Since Elasticsearch is designed to be resilient to instance failures, if a node drops out of the cluster, shards must rebalance across the remaining nodes (likewise for changes in instance count, etc). Shard rebalancing is rate-limited by network throughput, and thus excessively large shards can cause the cluster to be stuck ;recovering ; (rebalancing) for an unacceptable amount of time.
Thus, the optimal shard size is a balancing act between overhead (which is optimized via having larger shards), and rebalancing time (which is optimized via smaller, more numerous shards). Due to the problem of fragmentation, we also don't want a given shard to be too large a % of the available disk capacity.
In most cases we don't want shards to exceed 50GB, and ideally they wouldn't be smaller than 10GB (of course, for small indices this is unavoidable). Although we are currently topping out at 50GB, our recent upgrade to 10Gbps networking across all production clusters could enable us to use even larger shards than 50GB.
The final consideration is that different indices receive different levels of query volume. enwiki and dewiki have the highest volume. That means that nodes hosting enwiki_content shard will receive disproportionate load relative to nodes that lack those shards. As such, we want to set our total shard count in relation to the number of servers we have available.
For example, a cluster with 36 servers would ideally have a total shard count that is close to a multiple of 36. We generally like to go slightly ;under ; to be able to weather losing nodes. In short, we want to maintain the invariant that most servers have the same number of shards for a given heavy index, with a few servers having 1 less shard so that we have headroom to lose nodes.

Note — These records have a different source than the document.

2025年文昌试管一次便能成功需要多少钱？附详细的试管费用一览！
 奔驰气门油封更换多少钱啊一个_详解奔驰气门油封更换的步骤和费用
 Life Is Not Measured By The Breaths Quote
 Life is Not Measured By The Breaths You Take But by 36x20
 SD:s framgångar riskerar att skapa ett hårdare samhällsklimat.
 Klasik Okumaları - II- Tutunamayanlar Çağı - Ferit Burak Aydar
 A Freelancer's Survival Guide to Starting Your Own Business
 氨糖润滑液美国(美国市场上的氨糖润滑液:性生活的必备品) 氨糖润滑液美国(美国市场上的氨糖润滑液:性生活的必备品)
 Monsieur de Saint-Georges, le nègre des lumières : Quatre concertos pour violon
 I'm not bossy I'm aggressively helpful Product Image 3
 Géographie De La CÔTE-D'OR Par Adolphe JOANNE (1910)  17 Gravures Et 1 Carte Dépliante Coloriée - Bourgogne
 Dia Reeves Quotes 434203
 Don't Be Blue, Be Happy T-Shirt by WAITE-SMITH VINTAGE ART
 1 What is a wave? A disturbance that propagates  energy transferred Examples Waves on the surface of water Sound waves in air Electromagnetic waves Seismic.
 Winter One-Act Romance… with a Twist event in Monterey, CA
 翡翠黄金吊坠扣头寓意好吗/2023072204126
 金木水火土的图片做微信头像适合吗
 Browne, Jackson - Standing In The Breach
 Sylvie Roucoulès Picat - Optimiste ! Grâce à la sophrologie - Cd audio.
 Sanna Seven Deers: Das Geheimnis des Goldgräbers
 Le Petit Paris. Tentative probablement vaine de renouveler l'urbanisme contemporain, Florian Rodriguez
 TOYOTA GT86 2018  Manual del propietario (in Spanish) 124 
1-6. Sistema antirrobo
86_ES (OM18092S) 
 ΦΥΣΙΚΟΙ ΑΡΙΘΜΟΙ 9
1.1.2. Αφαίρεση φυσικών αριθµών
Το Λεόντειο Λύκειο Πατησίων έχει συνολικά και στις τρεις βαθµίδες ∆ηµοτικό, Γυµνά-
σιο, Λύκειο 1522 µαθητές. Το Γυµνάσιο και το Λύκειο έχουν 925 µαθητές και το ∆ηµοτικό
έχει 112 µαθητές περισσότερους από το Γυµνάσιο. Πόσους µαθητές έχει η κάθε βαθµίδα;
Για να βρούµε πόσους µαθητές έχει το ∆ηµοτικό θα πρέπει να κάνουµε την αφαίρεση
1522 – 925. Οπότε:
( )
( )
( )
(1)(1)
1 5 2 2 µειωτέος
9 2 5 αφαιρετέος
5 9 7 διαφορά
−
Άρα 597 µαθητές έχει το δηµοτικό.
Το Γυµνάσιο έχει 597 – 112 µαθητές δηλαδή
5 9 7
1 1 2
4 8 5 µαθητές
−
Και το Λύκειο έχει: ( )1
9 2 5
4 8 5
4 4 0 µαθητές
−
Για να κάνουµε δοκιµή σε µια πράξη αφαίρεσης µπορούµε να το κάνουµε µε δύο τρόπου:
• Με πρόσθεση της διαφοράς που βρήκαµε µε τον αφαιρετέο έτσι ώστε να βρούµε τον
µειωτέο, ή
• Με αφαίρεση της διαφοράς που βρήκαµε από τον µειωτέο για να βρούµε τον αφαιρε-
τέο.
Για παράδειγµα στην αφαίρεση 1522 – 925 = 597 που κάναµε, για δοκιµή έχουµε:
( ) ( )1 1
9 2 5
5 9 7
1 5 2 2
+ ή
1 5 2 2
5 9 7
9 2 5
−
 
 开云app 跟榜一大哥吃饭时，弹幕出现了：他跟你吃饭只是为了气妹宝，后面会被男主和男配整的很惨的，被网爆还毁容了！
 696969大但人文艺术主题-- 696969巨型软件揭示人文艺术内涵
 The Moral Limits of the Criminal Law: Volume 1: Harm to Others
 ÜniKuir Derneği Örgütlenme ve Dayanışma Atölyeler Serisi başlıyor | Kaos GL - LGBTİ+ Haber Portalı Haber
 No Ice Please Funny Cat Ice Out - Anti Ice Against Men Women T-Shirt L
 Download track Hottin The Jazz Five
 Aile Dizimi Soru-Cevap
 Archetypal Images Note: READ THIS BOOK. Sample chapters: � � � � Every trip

In conclusion: we want shards close to 50GB, but we also need our shard count set to avoid having any particularly hot servers, while making sure the shard count isn't completely even so that we can still afford to lose a few nodes. We absolutely want to avoid having a ridiculous number of extremely tiny shards, since the thrash/resource contention would grind the cluster to a halt.